Author: Richard M. O’Donnell, Sr.

At near light speed, the starship Genesis sailed into the wormhole. Two-point-five nanoseconds later, the ship neared a rip in the wormhole, a rip that had allowed the earthlings to glimpse the multiverse on the other side.
Genesis, in sync with ISM-1, an Independent Sentient Machine, jettisoned pods filled with epigenetic seeds that could grow independently in saltwater. They flew toward the tear. One second later, the machines released pods that contained colonists in cryogenic stasis. The time between the launches was to ensure a habitable ecosystem on the other side before the colonists woke up on the new worlds. Genesis disagreed with this assumption. Two minutes upon coming on-line, it warned the United Air Defense League that a sentient brain could not survive the radiation of the rift.

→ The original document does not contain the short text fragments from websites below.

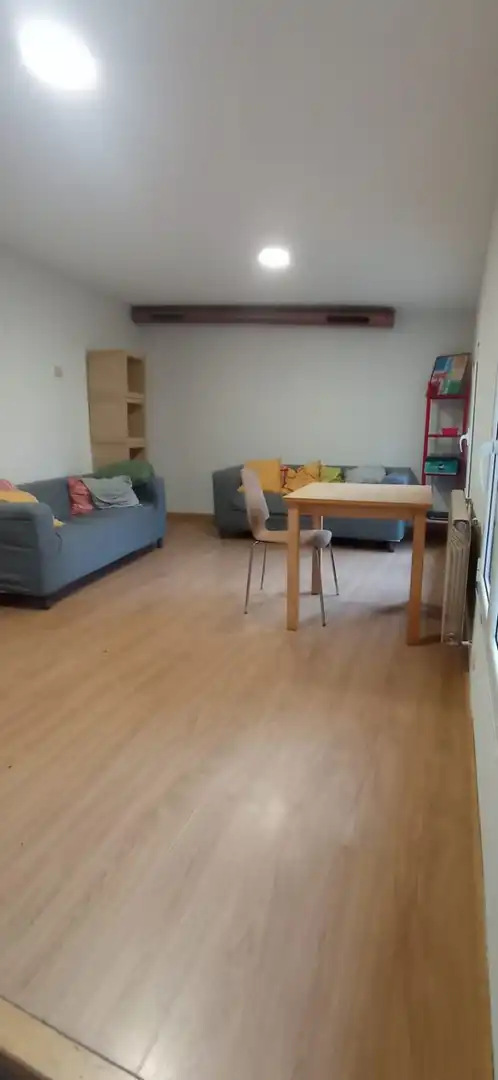 Sala d'estar de Casa o xalet en venda en Oviedo  amb Calefacció i Parquet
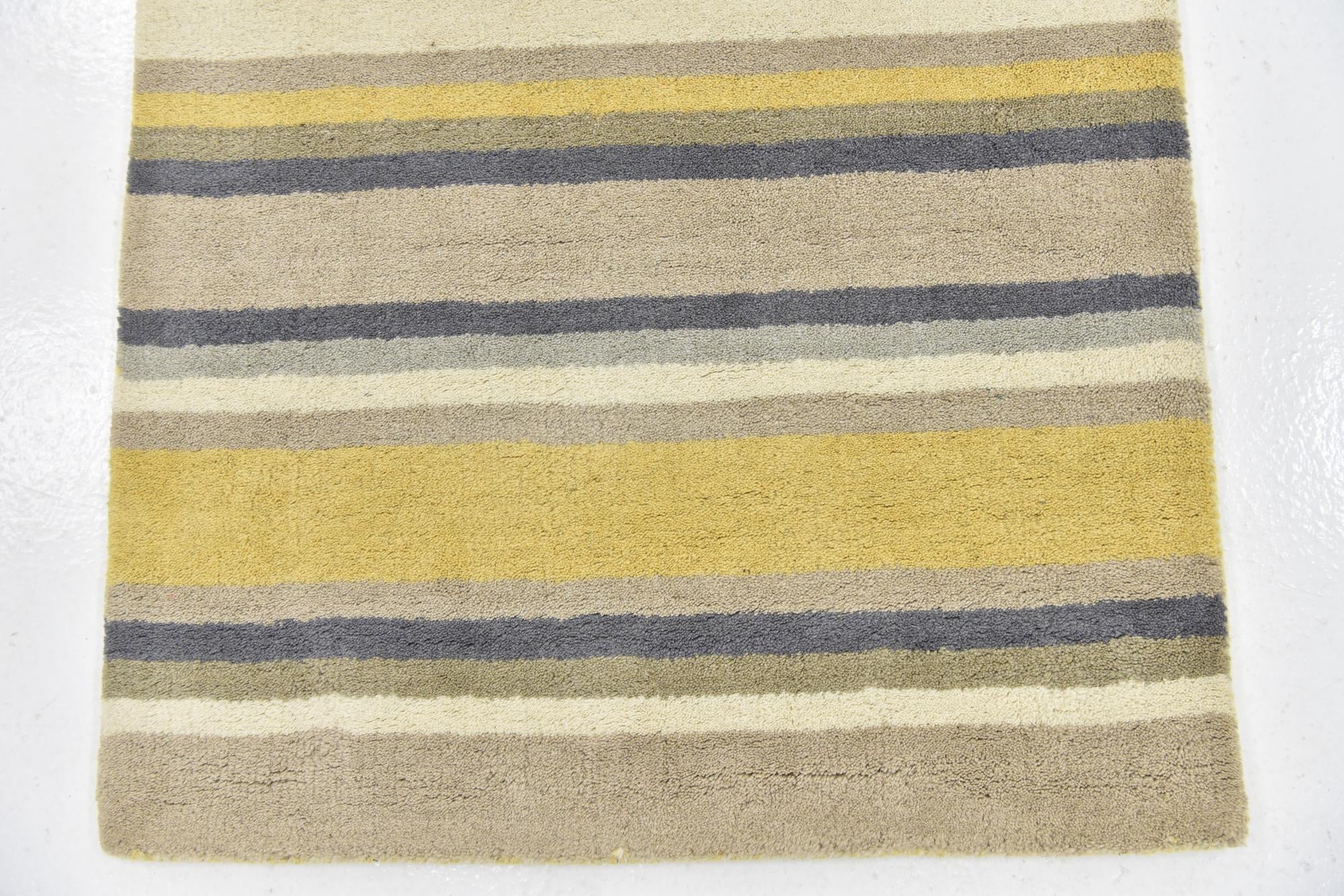 2' 8 x 5' Luna Wool Rug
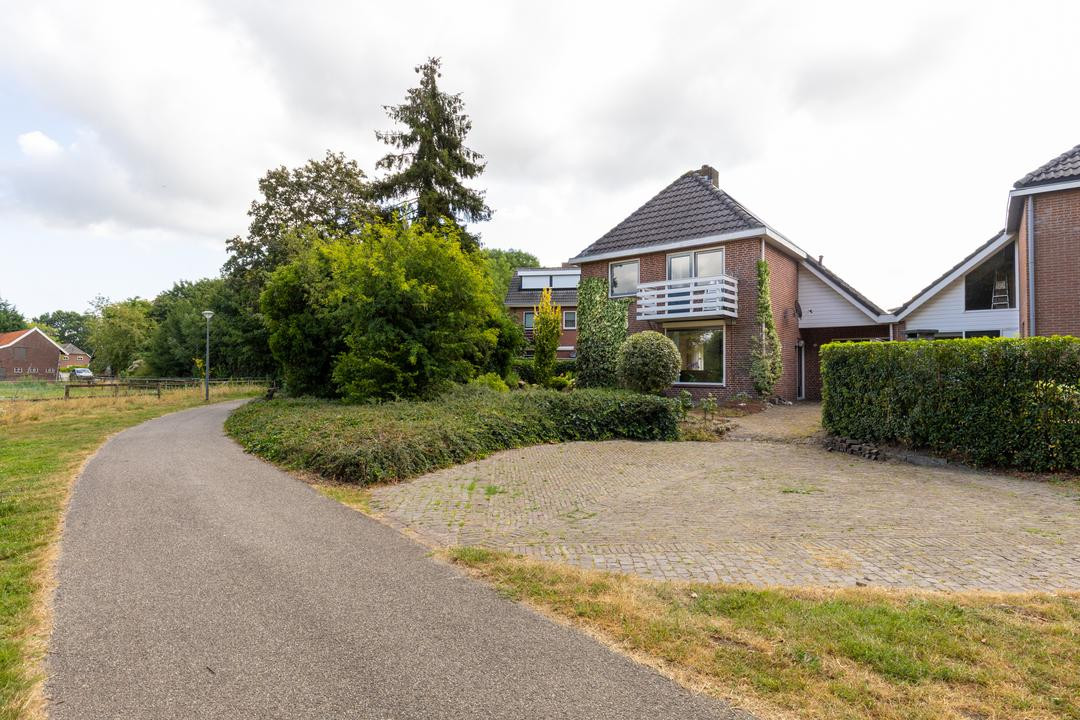 Hoekwoning te koop: Valkenhof 51, Varsseveld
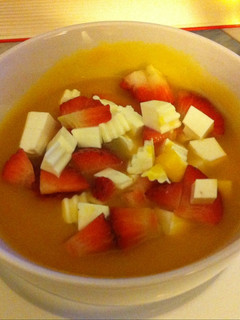 Una foto de Puré de calabaza con queso y fresas
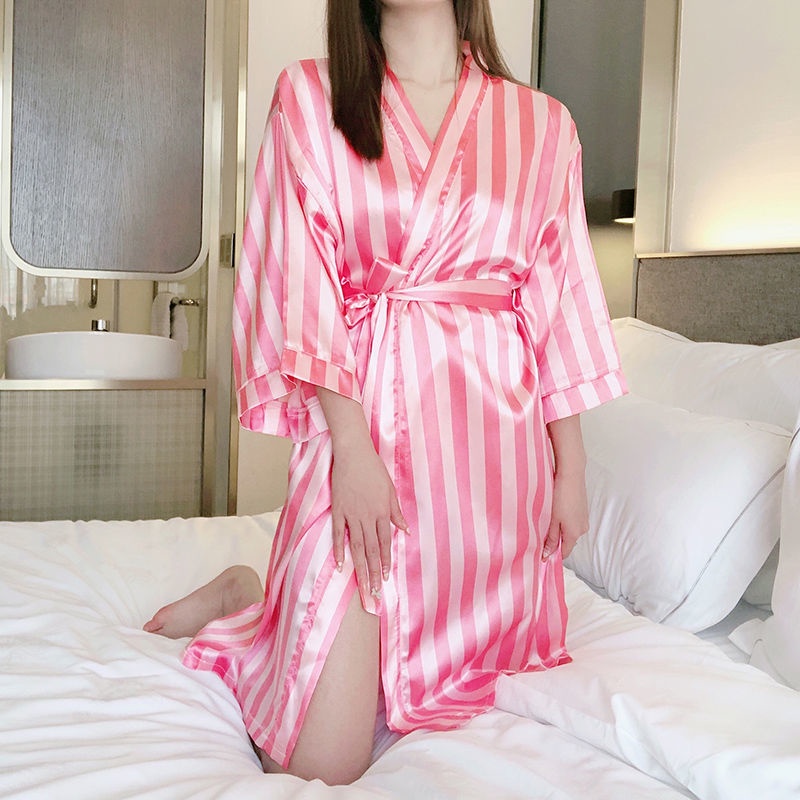 Áo Choàng Ngủ Kimono Tay Ngắn Chất Lụa Lạnh Phong Cách Nhật Bản Quyến Rũ Cho Nữ
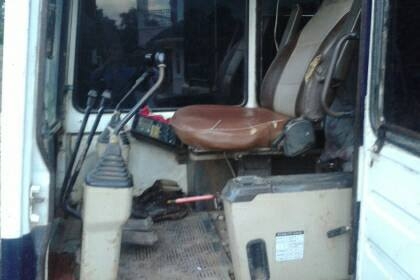 ขายรถขุด komatsu pc120-5ไฟฟ้าเต็ม เอกสารอินวอยซ์ ช่วงล่างเต็ม รถทำงานน้อย ตักหิน ทรายใส่โม่ปูน สภาพพร้อมใช้งาน เครื่องเดิมปั๊มแห้ง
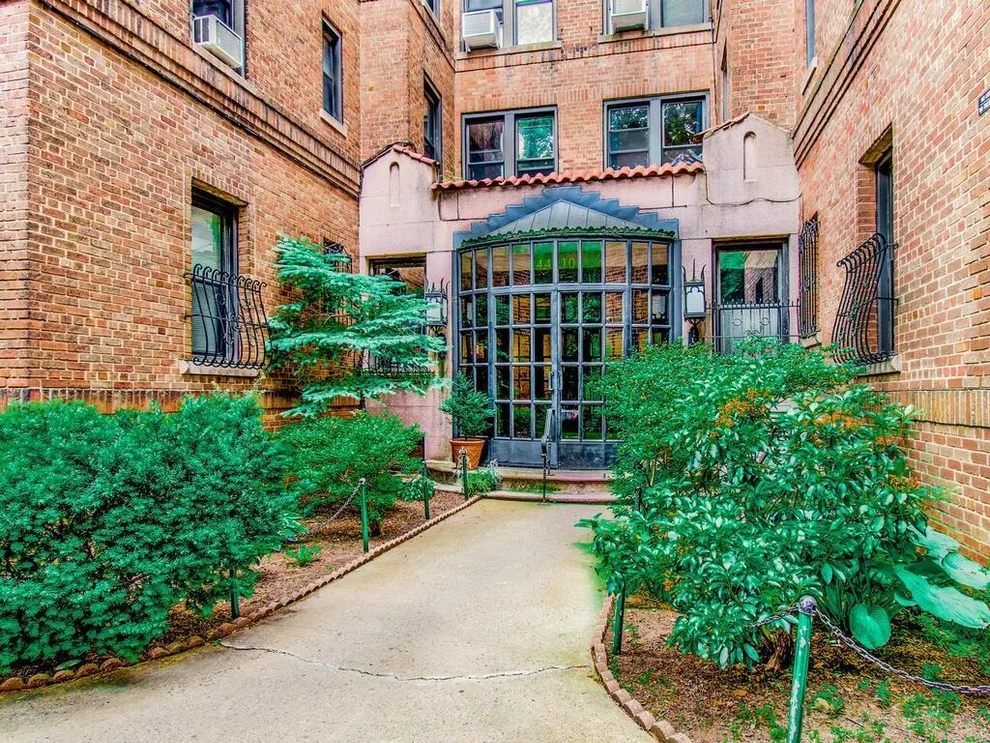 Unit for sale at 4410 Cayuga Avenue, Bronx, NY 10471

“Their pods are a waste of time and material. The air required for the mission alone could keep a dome city alive for one-point-two centuries.”
The head scientists conferred over lunch. They concluded their survival was the sole concern of the Eden Project and the risk was worth it. When Genesis continued to argue, its makers threaten to reprogram it into compliance. Genesis studied human idioms and found You Can Lead a Horse to Water. It decided this situation applied to the makers and it acquiesced.
“Perhaps if I had-”
ISM-1 blinked its dome light to get Genesis back on task. “Sometimes you use too much memory ruminating over the past at the cost of the present.”
“I concur.”
“Seed pod entry into the multiverse in ten…nine…”
“The makers did create me in their own image,” said Genesis.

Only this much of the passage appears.